C'est dans le premier sens que le mot conséquence sera
appréhendé car il se rapproche de sa signification juridique dans
la mesure l'effet renvoi à la conséquence
juridique147. En clair, par conséquences incidentes de la
seconde lecture il sera question d'aborder l'effet que la seconde lecture
entraine non seulement sur la procédure législative, mais aussi
sur la loi. Ainsi, la seconde lecture entraine la suspension de la
procédure législative (section 1) et le réexamen de la loi
(section 2)
SECTION 1 : LA SUSPENSION DE LA PROCEDURE
LEGISLATIVE
Etymologiquement, le mot suspension vient du latin
suspensio et renvoie à « l'action de suspendre et le
résultat de cette action ; mesure temporaire qui fait provisoirement
obstacle à l'exercice d'une fonction ou d'un droit, à
l'exécution d'une convention d'une convention ou d'une décision,
au déroulement d'une opération ou d'une instance..., soit
à titre de sanction, soit par mesure d'attente »148.
Au regard de cette définition, il ressort en gros que la seconde
lecture, de par son déclenchement, fait obstacle au déroulement
de la procédure législative (paragraphe 1) et suscite le report
de la consécration normative de la loi (paragraphe 2).

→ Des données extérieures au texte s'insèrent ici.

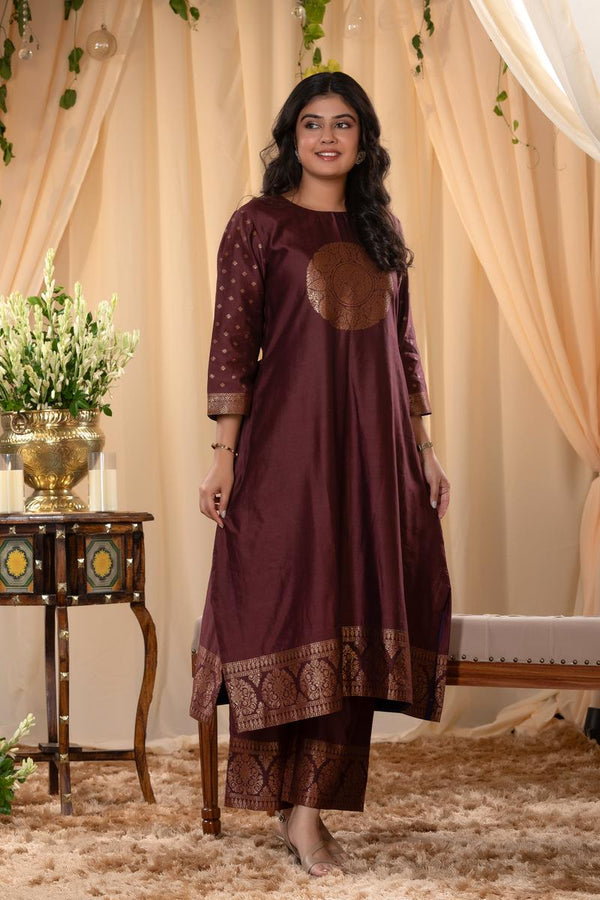 Brown Kurta set, Kurti set, Salwar Suit, suit set, kurti pant set, kurti for women​, kurti design​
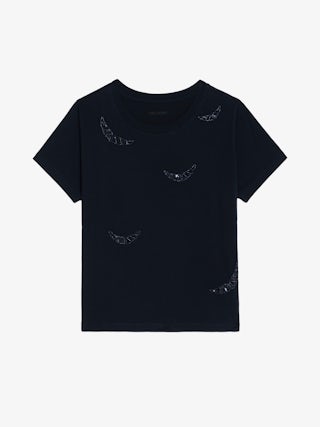 Alys T-shirt - Short-sleeved T-shirt with round neck and wing embroideries.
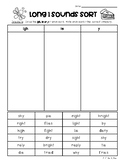 Long I Sounds Sorting Worksheet - igh, ie and y - UFLI Ali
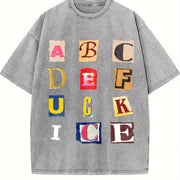 ✊🏾 Anti ICE F*ck ICE Magazine Letters Vintage Washed T-Shirt in Gray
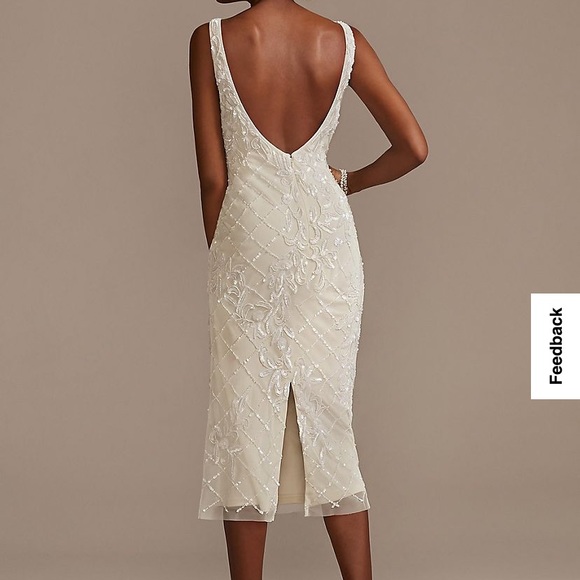 David’s Bridal IVORY dress with low back, medium straps, sequins, zipper in back - Picture 2 of 5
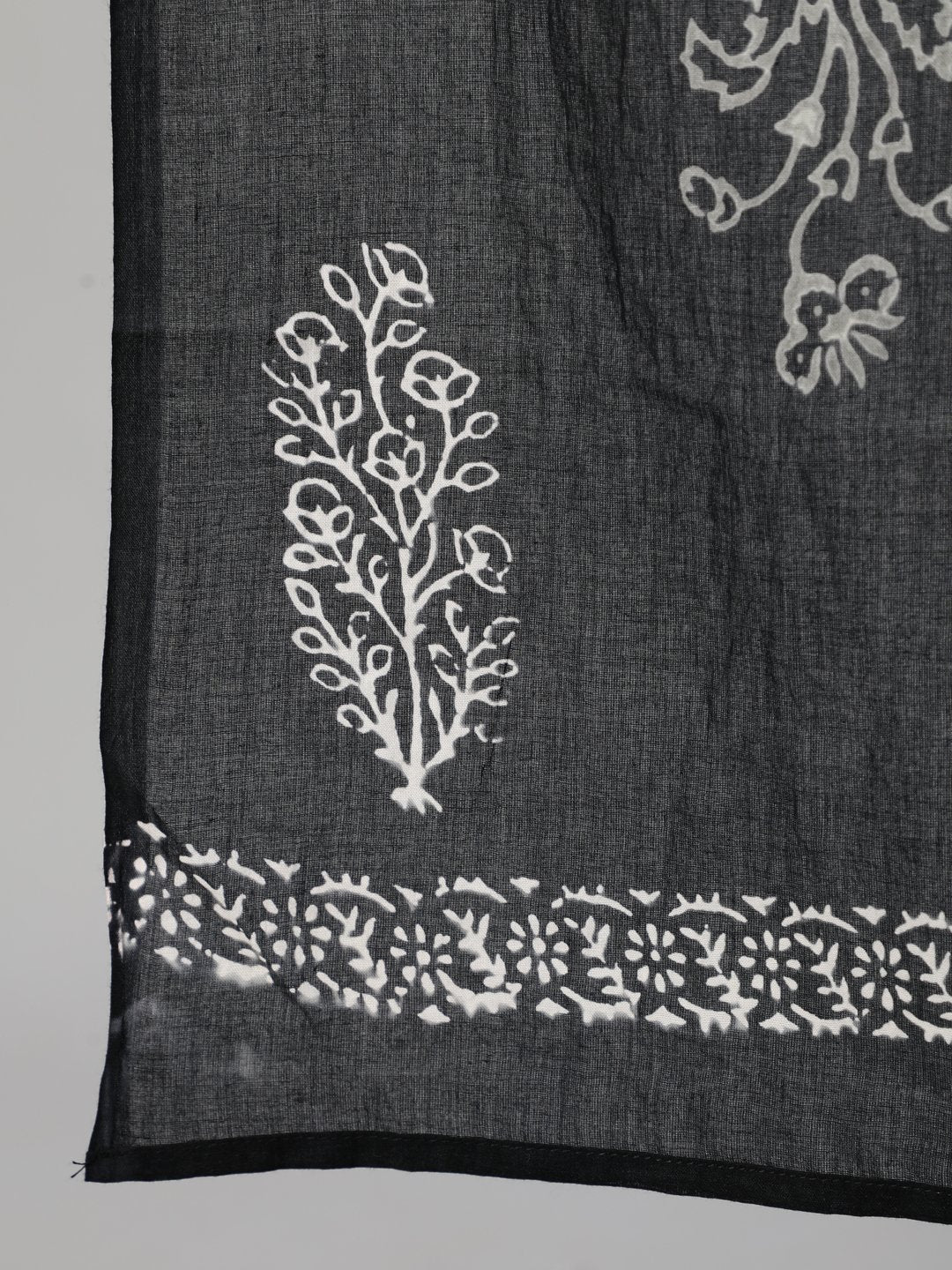 Women Black Printed Straight Kurta With Plazo & Dupatta - Image 4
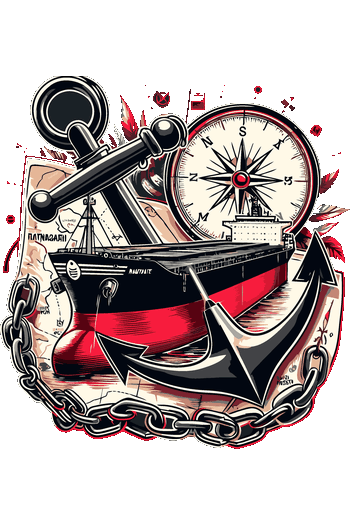 Vector náutico de barco de carga con ancla, brújula y cadenas estilo tatuaje para remeras.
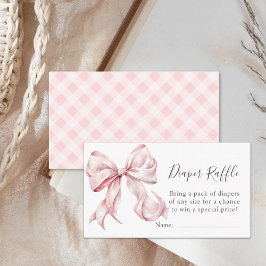 Tarjeta De Recepción Coquette Pink Bow Pearls Baby Shower Diaper Raffle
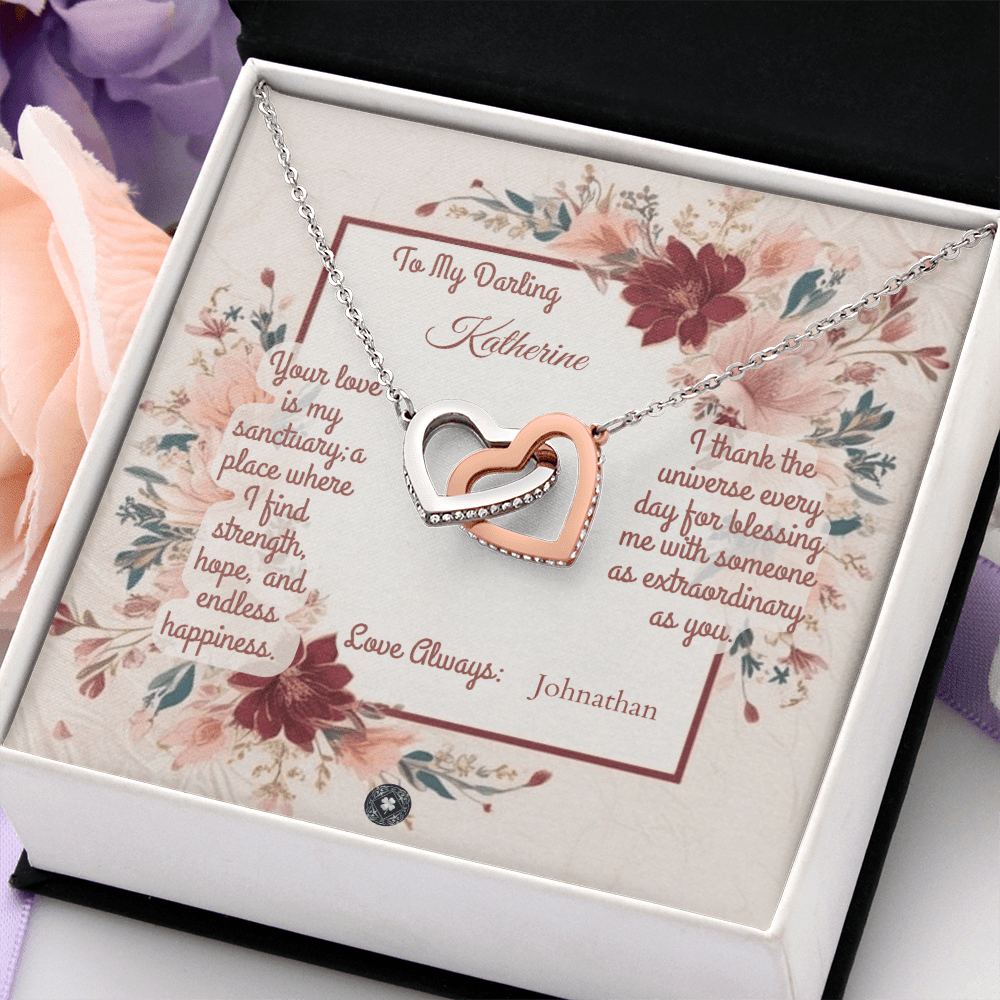 Interlocking Hearts Necklace: Darling Jewelry 14k White & Rose Gold Two Tone Box The Silver Clover & Co.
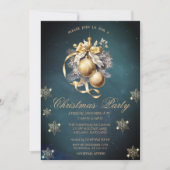 Gouden kerstballen, sneeuwvlokken bedrijf kaart (Voorkant)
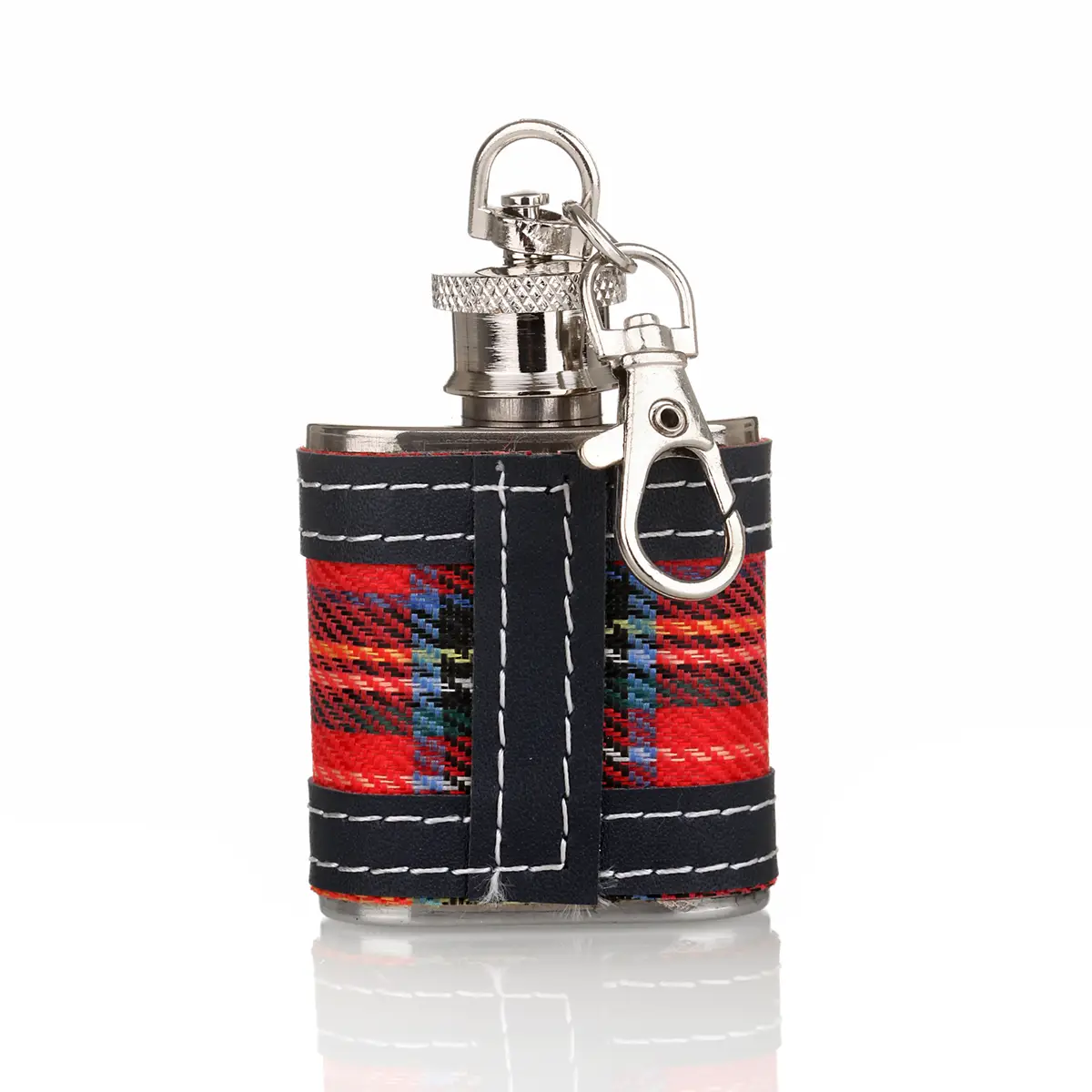 flachmann-mini-hip-flask-edelstahl-royal-stewart-tartan-schottland-001 Royal Stuart Tartan Mini Flachmann als Schlüsselanhänger - 30 ml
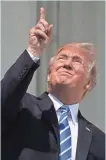  ?? MARK WILSON, GETTY IMAGES ?? President Trump glances at the solar eclipse Aug. 21 without protective glasses.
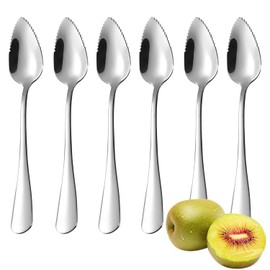 6 PCS Grapefruit Spoon, Dessert Spoon Stainless Steel,with Serrated Edge Stainless Steel Fruit Scraping Spoon Stainless Steel Serrated Spoon for for Kiwi, Dessert, Apple, Citrus Fruit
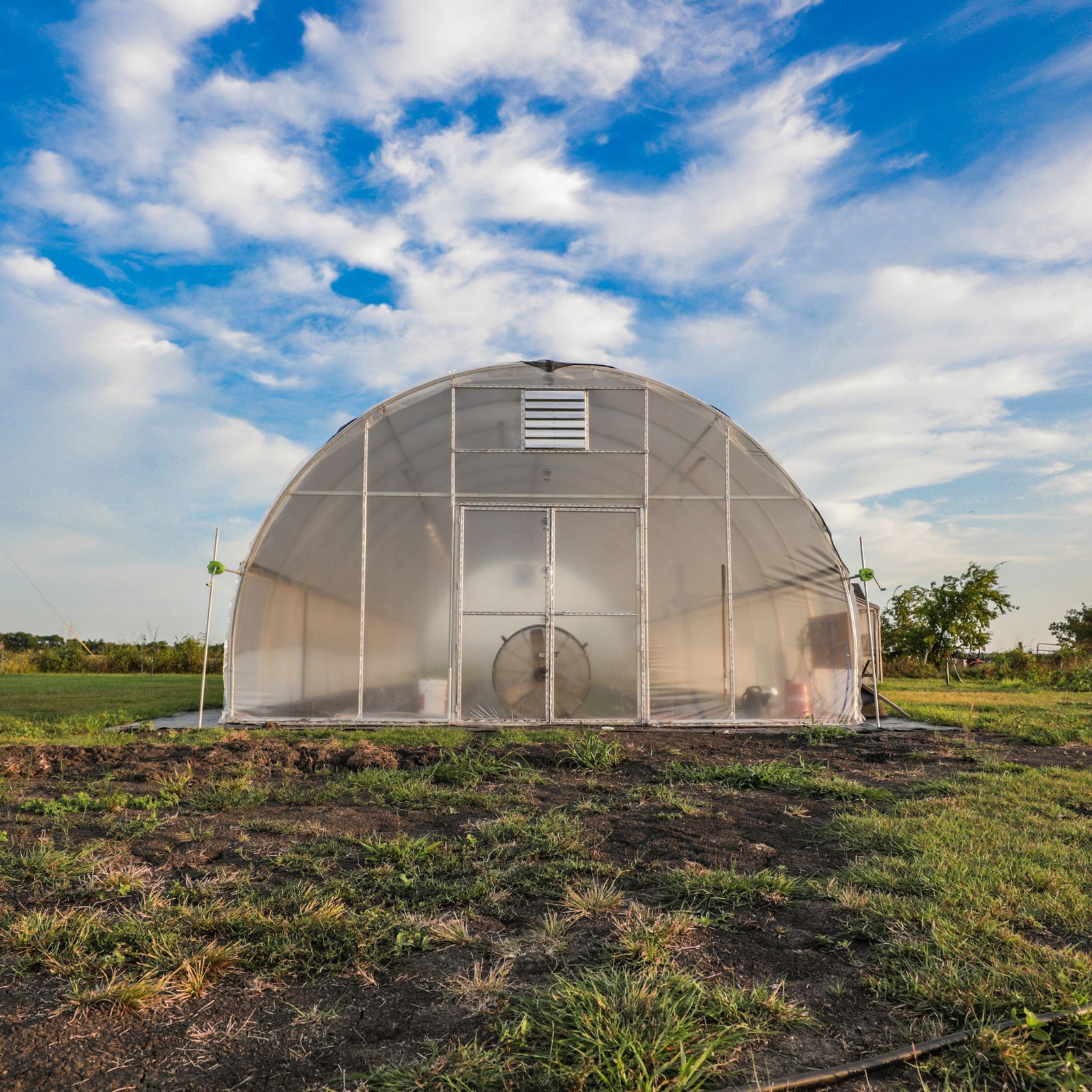 fresh intake shutter on hoop house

PARAGRAPHE 1 : UNE SUSPENSION SUSCITEE PAR LE
DECLENCHEMENT DE LA SECONDE LECTURE
Tel que précisé plus haut, plusieurs
autorités interviennent dans la procédure d'élaboration de
la loi, qu'il s'agisse du dépôt, de la délibération
ou de la promulgation. Cette dernière étape est de la
compétence principale du Président de la République s'il
ne formule aucune demande de seconde lecture. Ainsi, la provocation (A) de
seconde lecture entraîne la suspension de la procédure
législative bien qu'elle n'exige aucune condition (B).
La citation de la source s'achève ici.